*** STUDY MATERIAL ***
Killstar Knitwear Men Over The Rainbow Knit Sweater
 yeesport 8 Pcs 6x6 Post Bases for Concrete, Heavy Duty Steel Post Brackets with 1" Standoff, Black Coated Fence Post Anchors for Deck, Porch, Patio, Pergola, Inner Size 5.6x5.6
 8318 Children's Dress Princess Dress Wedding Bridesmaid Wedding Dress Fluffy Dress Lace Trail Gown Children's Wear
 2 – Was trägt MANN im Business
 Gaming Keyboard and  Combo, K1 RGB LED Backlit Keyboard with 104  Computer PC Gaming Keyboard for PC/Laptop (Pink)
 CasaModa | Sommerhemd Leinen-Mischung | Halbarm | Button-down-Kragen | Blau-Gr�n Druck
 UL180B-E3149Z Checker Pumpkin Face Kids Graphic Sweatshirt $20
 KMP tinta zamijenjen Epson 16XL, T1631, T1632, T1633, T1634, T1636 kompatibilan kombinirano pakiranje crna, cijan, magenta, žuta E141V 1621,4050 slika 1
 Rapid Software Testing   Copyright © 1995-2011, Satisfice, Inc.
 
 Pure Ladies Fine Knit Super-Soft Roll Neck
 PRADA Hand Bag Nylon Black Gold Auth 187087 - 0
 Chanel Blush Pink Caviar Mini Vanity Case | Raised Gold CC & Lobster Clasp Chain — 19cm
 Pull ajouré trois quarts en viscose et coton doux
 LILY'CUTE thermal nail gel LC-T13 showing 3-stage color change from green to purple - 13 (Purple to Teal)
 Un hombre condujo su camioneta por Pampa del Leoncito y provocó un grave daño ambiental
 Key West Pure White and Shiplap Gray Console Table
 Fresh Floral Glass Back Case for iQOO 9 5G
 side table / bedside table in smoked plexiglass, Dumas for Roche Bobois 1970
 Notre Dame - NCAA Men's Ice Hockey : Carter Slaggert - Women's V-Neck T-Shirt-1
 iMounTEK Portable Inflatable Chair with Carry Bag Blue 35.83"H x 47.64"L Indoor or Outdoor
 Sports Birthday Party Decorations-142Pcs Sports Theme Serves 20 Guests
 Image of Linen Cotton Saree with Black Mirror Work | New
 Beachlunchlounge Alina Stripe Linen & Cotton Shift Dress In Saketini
*** End of STUDY MATERIAL ***
_BRIEF_: Return all lines of the data in which the string "Knit" appears.

_RESULT_:
Killstar Knitwear Men Over The Rainbow Knit Sweater
 Pure Ladies Fine Knit Super-Soft Roll Neck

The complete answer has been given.